For the abundant effect verifying the equal model of the present invention, the present invention is using MovieLens 100K and MovieLens 1M (being shown in Table 1) two classical data sets are contrast experiment to the improvement effect of equal model.Data set is divided by experimentation at random For 5 equal portions, tested by the way of five folding cross validations.
Table 1 experimental data gathers
The embodiment of the present invention, by MAE value, recall rate and tri- evaluation metricses of NDCG, evaluates and tests the equal model of the present invention respectively The prediction accuracy of (Improved MM), classification accuracy and sequence accuracy.

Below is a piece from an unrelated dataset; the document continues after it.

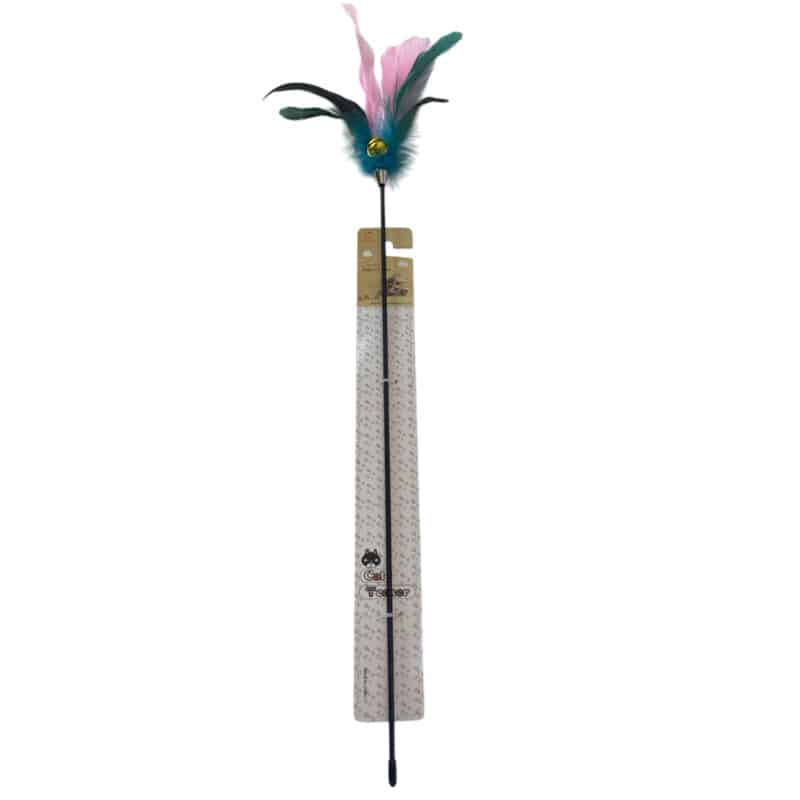 TaraPet Colorful Feather Black Pole Cat Teaser Interactive Toy (Option 2)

First, by the equal model of MAE value relative analyses two-layer (level1 comprises the 0th layer and the 1st layer) and three layers of equal model (level2 comprises the 0th layer to the 2nd layer) before improvement with improve after recommendation precision.Then, contrasted by recall rate and NDCG After analysis improvement, all model (Improved MM), cloud model (Cloud_Model) and classic algorithm Cosine algorithms are in IBCF Application effect in algorithm, thus evaluate and test from the auxiliary that Improved MM is carried out with multi-angle.
As shown in figure 5, level1_Improved MM and level2_Improved MM with improve before the corresponding number of plies equal Model is compared, and has obvious lifting on recommending precision.However, on 1M data set, the improvement effect phase of equal model To less, or even level1_Improved MM is almost identical with the recommendation effect of level1_MM.Experiment as a result, this Improvement effect on 100K data set for the bright equal model is obvious, but the improvement effect on 1M data set weakens.
3rd, data clusters
Cluster is the major issue in data mining, is also core also one of problem of big data analysis.Means clustering algorithm It is a kind of simple and effective distance algorithm, thus application is quite varied.Different from hierarchical clustering algorithm, changing algorithm needs every time Calculate the distance between any two points, so it has faster convergence rate than hierarchy distance.But k- means clustering algorithm has Two defects, one is to need cluster numbers are determined in advance, and two is larger by also being affected in initial clustering.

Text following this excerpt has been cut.